If you had a refrigerator in a closed, well-insulated room and you left the fridge door open for a long time, what would happen to the temperature in the room?
In the long run the room would get warmer. When you first open the fridge door and the cold air comes out, the room cools down a little temporarily. The fridge would then work to cool the inside of the fridge. As we will see, more heat is transferred from the cooling coils of the fridge to the room than is removed from inside the fridge - this would ultimately warm the room.
Any device, like a refrigerator or air conditioner, that removes heat from a cold region and transfers it to a hot region is basically a heat engine in reverse. Work W is done on the system, causing heat QL to be transferred from the lower-temperature region. Heat QH is transferred from the system at a higher temperature.
By conservation of energy:
W + |QL| = |QH|
A refrigerator or air conditioner consists of a fluid pumped through a closed system. Four steps are involved in the cycle.
A refrigerator is rated by its coefficient of performance K, the ratio of the heat removed from the fridge to the work required to remove it:
K = |QL|/W
The P-V diagram shown above is over-simplified, showing two adiabatic processes and two isobaric (constant pressure) processes but neglecting the two changes of state that occur. This gives you the general flavor of the cycle, however.
If you heat your home using electric heat, 1000 J of electrical energy is transformed into 1000 J of heat. You can do much better than this with a heat pump. This is also a heat engine running backwards, extracting heat from a lower-temperature region (outside the house) and transferring it to a higher-temperature region (inside the house).
Let's say the work done in the process is 1000 J, and the temperatures are TH = 17°C = 290 K and TL = -23 °C = 250 K. What is the maximum amount of heat that can be transferred into the house?

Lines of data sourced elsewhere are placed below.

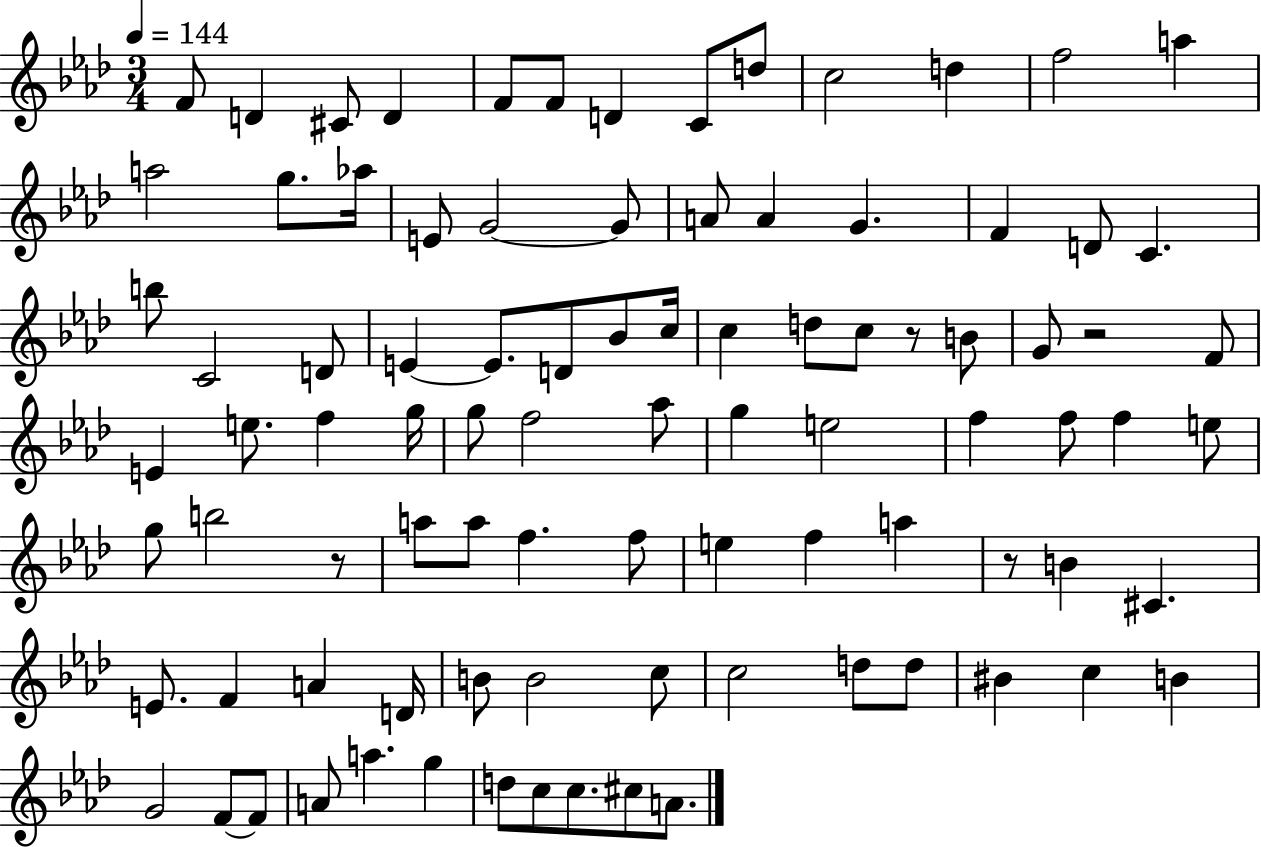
{
  \clef treble
  \numericTimeSignature
  \time 3/4
  \key aes \major
  \tempo 4 = 144
  f'8 d'4 cis'8 d'4 | f'8 f'8 d'4 c'8 d''8 | c''2 d''4 | f''2 a''4 | \break a''2 g''8. aes''16 | e'8 g'2~~ g'8 | a'8 a'4 g'4. | f'4 d'8 c'4. | \break b''8 c'2 d'8 | e'4~~ e'8. d'8 bes'8 c''16 | c''4 d''8 c''8 r8 b'8 | g'8 r2 f'8 | \break e'4 e''8. f''4 g''16 | g''8 f''2 aes''8 | g''4 e''2 | f''4 f''8 f''4 e''8 | \break g''8 b''2 r8 | a''8 a''8 f''4. f''8 | e''4 f''4 a''4 | r8 b'4 cis'4. | \break e'8. f'4 a'4 d'16 | b'8 b'2 c''8 | c''2 d''8 d''8 | bis'4 c''4 b'4 | \break g'2 f'8~~ f'8 | a'8 a''4. g''4 | d''8 c''8 c''8. cis''8 a'8. | \bar "|."
}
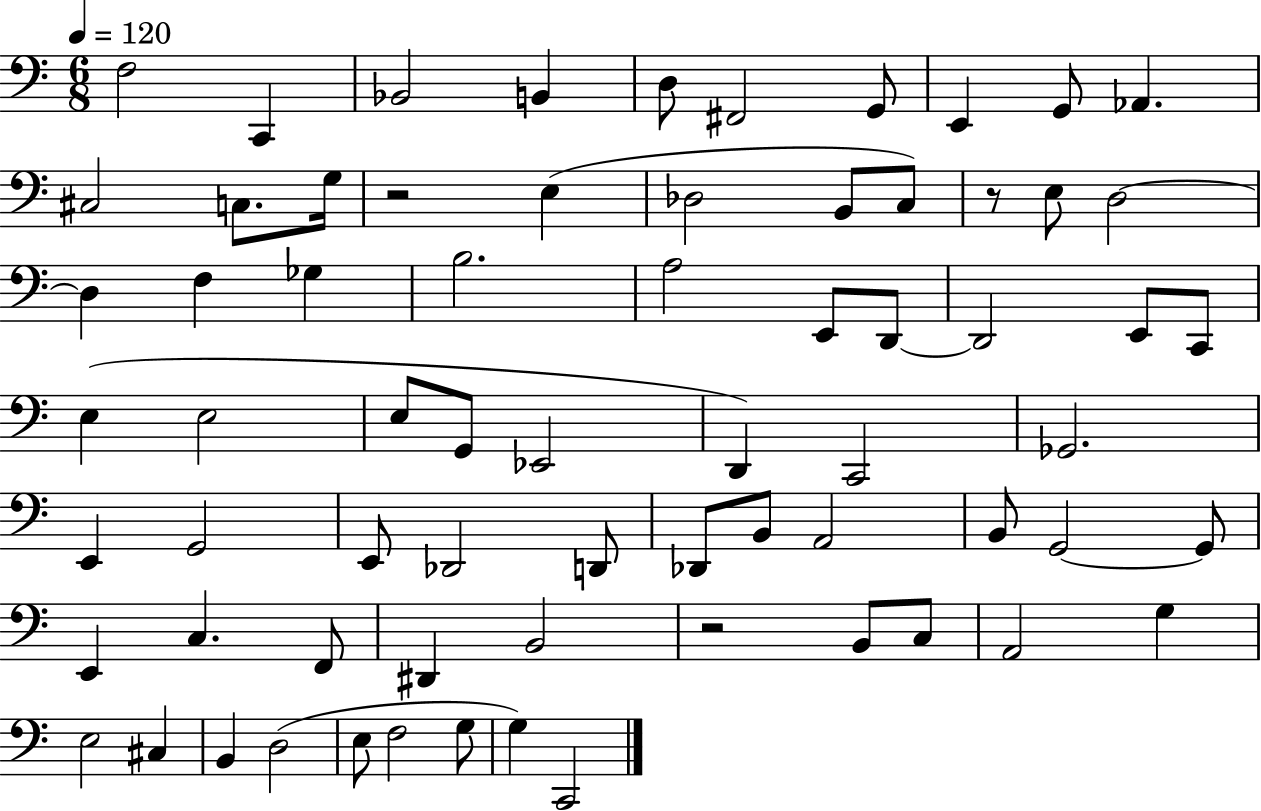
F3/h C2/q Bb2/h B2/q D3/e F#2/h G2/e E2/q G2/e Ab2/q. C#3/h C3/e. G3/s R/h E3/q Db3/h B2/e C3/e R/e E3/e D3/h D3/q F3/q Gb3/q B3/h. A3/h E2/e D2/e D2/h E2/e C2/e E3/q E3/h E3/e G2/e Eb2/h D2/q C2/h Gb2/h. E2/q G2/h E2/e Db2/h D2/e Db2/e B2/e A2/h B2/e G2/h G2/e E2/q C3/q. F2/e D#2/q B2/h R/h B2/e C3/e A2/h G3/q E3/h C#3/q B2/q D3/h E3/e F3/h G3/e G3/q C2/h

The best we can do is determined by the Carnot relationship:
TL/TH =|QL|/|QH|
Therefore:
|QL| = (TL/TH) |QH|
Using this in the energy equation gives:
|QH| = |QL| + W
|QH| = (TL/TH) |QH| + W
|QH| [1 -(TL/TH)] = W
|QH| = W TH /(TH - TL )
For our numerical example this gives:
|QH| = 1000 * 290/(290-250) = 1000 * 7.25 = 7250 J
This is why heat pumps are much better than electric heaters.